Print and Cut issues (distorted/skewed cut)

I’ve been trying out the Print and Cut feature and not having much luck, my plan is to print some stickers on my laser printer and then cut them out with the laser. I’m using the same SVG file for the printing as the cutting and just importing it to Lightburn. The SVG includes squares around the stickers that are printed to the sheet and I have chosen two corners at opposite sides of the sheet, snapped boxes to them and I’m using those as my targets and making sure I’m on target to within .1 mm.

When I run the job, the cuts appear to be squished or skewed compared to the prints, it’s not cutting around the graphics the way I expect, I assumed this was a calibration issue on my laser so I dialed in my steps/mm and made sure my gantry was running parallel, but that didn’t improve the situation. I also updated to the latest version in case my version was buggy and verified that my printer is printing accurately. I tried cutting with both scaled and un-scaled mode, but there was no difference.

What I’m looking for are suggestions on what to check or test, obviously the feature works for other people so there must be something in my process or machine that is causing weird behaviour.

I’m going to be running a test cut I designed to ensure my laser hasn’t lost repeatability, though I haven’t seen any other evidence of that while I was calibrating my steps/mm; does anyone else have any other suggestions as to what might be going on?

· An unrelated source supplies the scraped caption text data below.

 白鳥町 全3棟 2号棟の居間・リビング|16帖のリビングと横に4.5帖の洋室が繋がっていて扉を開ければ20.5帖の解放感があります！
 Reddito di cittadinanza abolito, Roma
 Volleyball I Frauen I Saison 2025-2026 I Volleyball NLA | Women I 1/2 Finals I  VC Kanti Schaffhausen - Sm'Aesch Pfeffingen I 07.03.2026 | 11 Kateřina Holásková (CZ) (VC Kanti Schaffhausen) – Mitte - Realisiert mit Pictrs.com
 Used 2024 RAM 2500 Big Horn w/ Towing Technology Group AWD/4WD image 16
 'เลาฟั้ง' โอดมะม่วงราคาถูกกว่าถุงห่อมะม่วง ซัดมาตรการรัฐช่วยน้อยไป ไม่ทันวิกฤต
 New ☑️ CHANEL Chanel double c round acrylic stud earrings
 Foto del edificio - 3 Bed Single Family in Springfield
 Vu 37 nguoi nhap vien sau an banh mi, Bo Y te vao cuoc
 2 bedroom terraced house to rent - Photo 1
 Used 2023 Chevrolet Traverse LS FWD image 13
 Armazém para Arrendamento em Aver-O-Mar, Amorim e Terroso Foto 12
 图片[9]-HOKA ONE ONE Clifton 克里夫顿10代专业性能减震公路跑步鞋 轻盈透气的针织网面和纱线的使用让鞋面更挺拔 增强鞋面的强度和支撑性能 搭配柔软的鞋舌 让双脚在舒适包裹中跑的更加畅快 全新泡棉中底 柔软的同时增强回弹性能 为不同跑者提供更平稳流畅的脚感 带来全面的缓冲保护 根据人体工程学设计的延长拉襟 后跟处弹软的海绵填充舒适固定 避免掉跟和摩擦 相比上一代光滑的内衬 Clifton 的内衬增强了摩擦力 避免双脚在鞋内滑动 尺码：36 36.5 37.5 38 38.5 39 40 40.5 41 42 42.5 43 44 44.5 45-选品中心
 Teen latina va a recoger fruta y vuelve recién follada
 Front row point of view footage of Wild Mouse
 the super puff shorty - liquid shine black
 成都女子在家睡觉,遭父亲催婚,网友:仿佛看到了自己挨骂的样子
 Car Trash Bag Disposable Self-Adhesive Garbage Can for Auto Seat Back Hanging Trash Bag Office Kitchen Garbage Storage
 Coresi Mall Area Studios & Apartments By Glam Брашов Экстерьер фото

I’ll see if I can follow up on this with some pictures as well to illustrate the issue I’m having.

I think this will be critical as there’s nothing obvious from what you’re describing.

My first reaction as I was reading this was that you likely had “scaled” on but you covered that.

You mention that you calibrated both the printer and the laser. I suspect this is still going to be where issues lie. I suspect either your printer or laser are not printing/cutting to dimension. Keep in mind that stepper calibration may not be the only thing causing skewed results. You could have other mechanical issues that may be skewing the results, for example a binding wheel. It’s also possible that this is inconsistent across the full span of your laser frame in extreme cases.

Can you do a comparison of designed dimensions vs printed dimensions vs burned dimensions? Should tell you pretty quickly where to focus your attention.

I tried a few different tests and finally found a mechanical flaw; one of the bearings has gone bad and only exhibits issues intermittently when changing direction, so all the tests I did with grids and squares showed everything was working perfectly, it wasn’t until I tried my repeatability test that I found the problem.

The repeatability test was just a simple document knocked together in Inkscape that had a star and lines all joining at the centre as well as a couple concentric circles for a few more direction changes, when the cut was done, the centre lines didn’t all meet, and the amount they were off was about the same as the amount my sticker cuts were off, I think once I fix the mechanical part this should work great.

Thanks for the suggestions berainlb!

Nice find. Where was the bad bearing?

It was in my X gantry on the lower rail, I built the machine with cheap bearings, so not really a surprise.

I’ve been working on a redesign of this machine since the current version is not easy to clean, maintain and align, and then I came across the Root3 CNC at rootcnc.com which is essentially the same thing I’ve been designing as V2 of my machine but with all the bugs worked out, so rather than try to correct the issues with V1, I’m just going to build a Root3 instead.